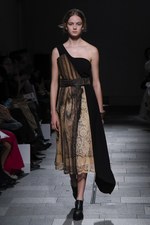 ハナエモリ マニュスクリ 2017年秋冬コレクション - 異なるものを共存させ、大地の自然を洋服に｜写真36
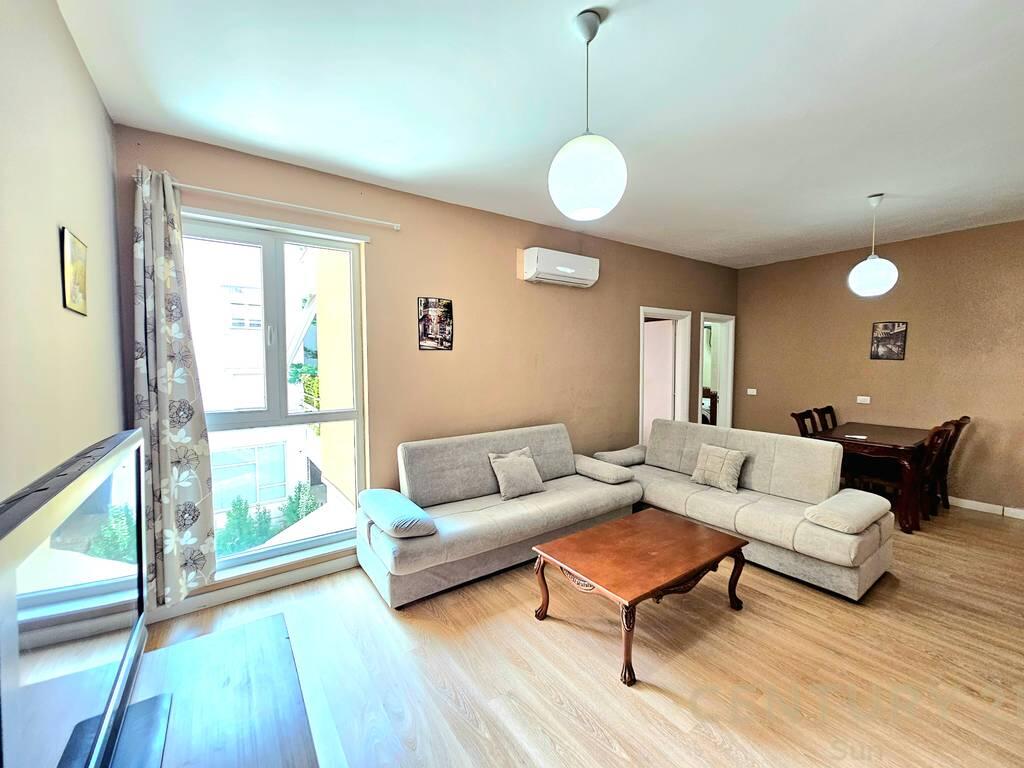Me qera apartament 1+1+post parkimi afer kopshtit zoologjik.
----------------------------------------
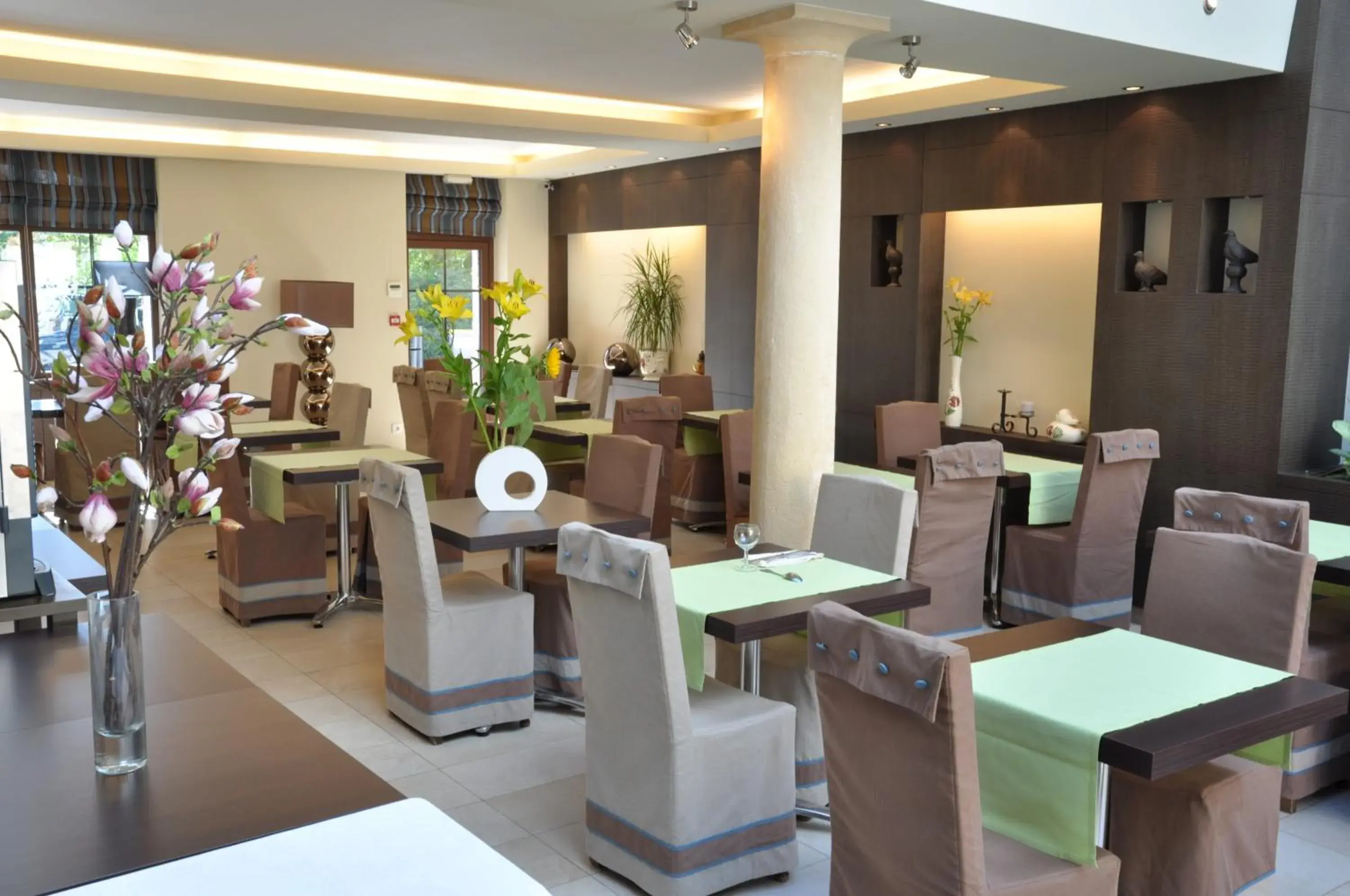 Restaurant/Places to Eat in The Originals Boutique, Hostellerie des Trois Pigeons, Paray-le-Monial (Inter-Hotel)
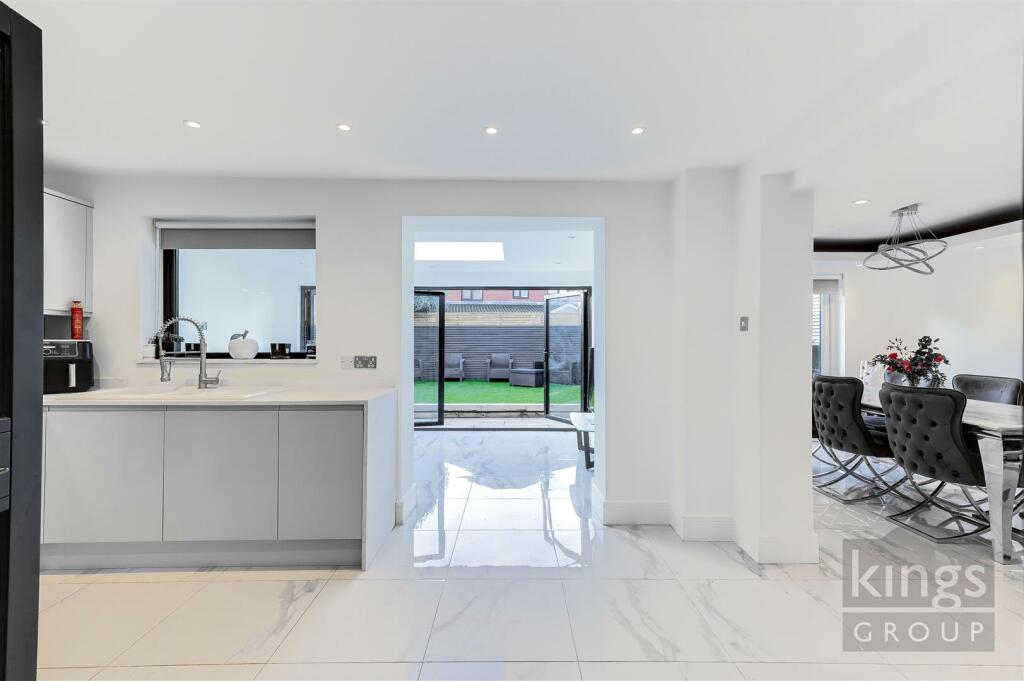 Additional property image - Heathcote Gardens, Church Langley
----------------------------------------
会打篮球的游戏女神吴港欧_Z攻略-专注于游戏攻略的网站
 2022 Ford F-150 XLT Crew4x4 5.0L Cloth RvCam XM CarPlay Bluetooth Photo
----------------------------------------
Activity = Skip every picture, and restate word for word only the lines above from the line containing "ハナエモリ マニュスクリ 2017年秋冬コレクション" to the line containing "Me qera apartament", both of them included.

Exercise answer =
 ハナエモリ マニュスクリ 2017年秋冬コレクション - 異なるものを共存させ、大地の自然を洋服に｜写真36
Me qera apartament 1+1+post parkimi afer kopshtit zoologjik.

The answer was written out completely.